▶ Short descriptive text snippets:

((

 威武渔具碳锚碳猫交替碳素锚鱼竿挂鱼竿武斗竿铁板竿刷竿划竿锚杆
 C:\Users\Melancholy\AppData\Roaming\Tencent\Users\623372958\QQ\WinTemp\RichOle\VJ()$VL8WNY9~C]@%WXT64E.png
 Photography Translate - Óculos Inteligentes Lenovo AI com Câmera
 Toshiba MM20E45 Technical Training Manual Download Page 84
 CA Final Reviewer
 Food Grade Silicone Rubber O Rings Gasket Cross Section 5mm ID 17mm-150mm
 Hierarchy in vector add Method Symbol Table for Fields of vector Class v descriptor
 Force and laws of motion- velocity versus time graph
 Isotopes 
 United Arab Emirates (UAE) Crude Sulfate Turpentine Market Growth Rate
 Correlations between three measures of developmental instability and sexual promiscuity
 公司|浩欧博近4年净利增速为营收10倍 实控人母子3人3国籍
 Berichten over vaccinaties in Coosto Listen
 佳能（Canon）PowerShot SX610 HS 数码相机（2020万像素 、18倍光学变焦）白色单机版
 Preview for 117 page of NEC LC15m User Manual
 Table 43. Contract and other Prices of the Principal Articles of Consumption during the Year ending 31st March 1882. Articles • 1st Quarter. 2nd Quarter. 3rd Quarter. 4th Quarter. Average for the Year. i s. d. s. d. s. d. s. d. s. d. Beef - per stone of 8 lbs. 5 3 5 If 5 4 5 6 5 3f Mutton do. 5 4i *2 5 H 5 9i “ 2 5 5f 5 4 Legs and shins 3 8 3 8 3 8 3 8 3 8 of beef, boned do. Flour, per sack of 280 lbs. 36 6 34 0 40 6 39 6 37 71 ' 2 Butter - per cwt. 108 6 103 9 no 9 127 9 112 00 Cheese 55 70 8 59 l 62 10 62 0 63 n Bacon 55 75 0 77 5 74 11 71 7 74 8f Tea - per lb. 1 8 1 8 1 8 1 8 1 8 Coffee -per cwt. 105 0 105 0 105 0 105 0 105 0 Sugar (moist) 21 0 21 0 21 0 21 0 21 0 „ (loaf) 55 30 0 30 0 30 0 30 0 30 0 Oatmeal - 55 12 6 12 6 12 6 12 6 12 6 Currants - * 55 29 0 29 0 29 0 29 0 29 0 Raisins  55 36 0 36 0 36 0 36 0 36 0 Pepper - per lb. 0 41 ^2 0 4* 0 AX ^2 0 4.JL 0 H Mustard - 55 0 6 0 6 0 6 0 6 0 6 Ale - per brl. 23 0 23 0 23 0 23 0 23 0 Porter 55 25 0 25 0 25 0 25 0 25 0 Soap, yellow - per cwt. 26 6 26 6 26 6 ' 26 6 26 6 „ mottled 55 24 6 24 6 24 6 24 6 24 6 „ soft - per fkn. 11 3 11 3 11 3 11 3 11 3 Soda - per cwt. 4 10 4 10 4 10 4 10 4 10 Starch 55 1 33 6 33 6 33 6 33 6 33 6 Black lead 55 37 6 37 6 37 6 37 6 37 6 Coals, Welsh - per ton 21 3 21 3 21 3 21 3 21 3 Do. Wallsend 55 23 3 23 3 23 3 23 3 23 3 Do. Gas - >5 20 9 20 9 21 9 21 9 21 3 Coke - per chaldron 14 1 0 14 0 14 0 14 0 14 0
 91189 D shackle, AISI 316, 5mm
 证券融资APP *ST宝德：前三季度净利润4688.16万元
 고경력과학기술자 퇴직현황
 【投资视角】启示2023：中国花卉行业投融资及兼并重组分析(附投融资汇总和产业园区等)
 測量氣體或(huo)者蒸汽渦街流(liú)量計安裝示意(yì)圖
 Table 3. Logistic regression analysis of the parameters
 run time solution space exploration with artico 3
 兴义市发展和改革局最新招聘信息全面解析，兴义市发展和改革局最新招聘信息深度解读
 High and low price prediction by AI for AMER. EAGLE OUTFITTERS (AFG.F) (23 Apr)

))

▶ TASK STATEMENT:
Output every record above exactly as it appears.

▶ EXERCISE ANSWER:
 威武渔具碳锚碳猫交替碳素锚鱼竿挂鱼竿武斗竿铁板竿刷竿划竿锚杆
 C:\Users\Melancholy\AppData\Roaming\Tencent\Users\623372958\QQ\WinTemp\RichOle\VJ()$VL8WNY9~C]@%WXT64E.png
 Photography Translate - Óculos Inteligentes Lenovo AI com Câmera
 Toshiba MM20E45 Technical Training Manual Download Page 84
 CA Final Reviewer
 Food Grade Silicone Rubber O Rings Gasket Cross Section 5mm ID 17mm-150mm
 Hierarchy in vector add Method Symbol Table for Fields of vector Class v descriptor
 Force and laws of motion- velocity versus time graph
 Isotopes 
 United Arab Emirates (UAE) Crude Sulfate Turpentine Market Growth Rate
 Correlations between three measures of developmental instability and sexual promiscuity
 公司|浩欧博近4年净利增速为营收10倍 实控人母子3人3国籍
 Berichten over vaccinaties in Coosto Listen
 佳能（Canon）PowerShot SX610 HS 数码相机（2020万像素 、18倍光学变焦）白色单机版
 Preview for 117 page of NEC LC15m User Manual
 Table 43. Contract and other Prices of the Principal Articles of Consumption during the Year ending 31st March 1882. Articles • 1st Quarter. 2nd Quarter. 3rd Quarter. 4th Quarter. Average for the Year. i s. d. s. d. s. d. s. d. s. d. Beef - per stone of 8 lbs. 5 3 5 If 5 4 5 6 5 3f Mutton do. 5 4i *2 5 H 5 9i “ 2 5 5f 5 4 Legs and shins 3 8 3 8 3 8 3 8 3 8 of beef, boned do. Flour, per sack of 280 lbs. 36 6 34 0 40 6 39 6 37 71 ' 2 Butter - per cwt. 108 6 103 9 no 9 127 9 112 00 Cheese 55 70 8 59 l 62 10 62 0 63 n Bacon 55 75 0 77 5 74 11 71 7 74 8f Tea - per lb. 1 8 1 8 1 8 1 8 1 8 Coffee -per cwt. 105 0 105 0 105 0 105 0 105 0 Sugar (moist) 21 0 21 0 21 0 21 0 21 0 „ (loaf) 55 30 0 30 0 30 0 30 0 30 0 Oatmeal - 55 12 6 12 6 12 6 12 6 12 6 Currants - * 55 29 0 29 0 29 0 29 0 29 0 Raisins  55 36 0 36 0 36 0 36 0 36 0 Pepper - per lb. 0 41 ^2 0 4* 0 AX ^2 0 4.JL 0 H Mustard - 55 0 6 0 6 0 6 0 6 0 6 Ale - per brl. 23 0 23 0 23 0 23 0 23 0 Porter 55 25 0 25 0 25 0 25 0 25 0 Soap, yellow - per cwt. 26 6 26 6 26 6 ' 26 6 26 6 „ mottled 55 24 6 24 6 24 6 24 6 24 6 „ soft - per fkn. 11 3 11 3 11 3 11 3 11 3 Soda - per cwt. 4 10 4 10 4 10 4 10 4 10 Starch 55 1 33 6 33 6 33 6 33 6 33 6 Black lead 55 37 6 37 6 37 6 37 6 37 6 Coals, Welsh - per ton 21 3 21 3 21 3 21 3 21 3 Do. Wallsend 55 23 3 23 3 23 3 23 3 23 3 Do. Gas - >5 20 9 20 9 21 9 21 9 21 3 Coke - per chaldron 14 1 0 14 0 14 0 14 0 14 0
 91189 D shackle, AISI 316, 5mm
 证券融资APP *ST宝德：前三季度净利润4688.16万元
 고경력과학기술자 퇴직현황
 【投资视角】启示2023：中国花卉行业投融资及兼并重组分析(附投融资汇总和产业园区等)
 測量氣體或(huo)者蒸汽渦街流(liú)量計安裝示意(yì)圖
 Table 3. Logistic regression analysis of the parameters
 run time solution space exploration with artico 3
 兴义市发展和改革局最新招聘信息全面解析，兴义市发展和改革局最新招聘信息深度解读
 High and low price prediction by AI for AMER. EAGLE OUTFITTERS (AFG.F) (23 Apr)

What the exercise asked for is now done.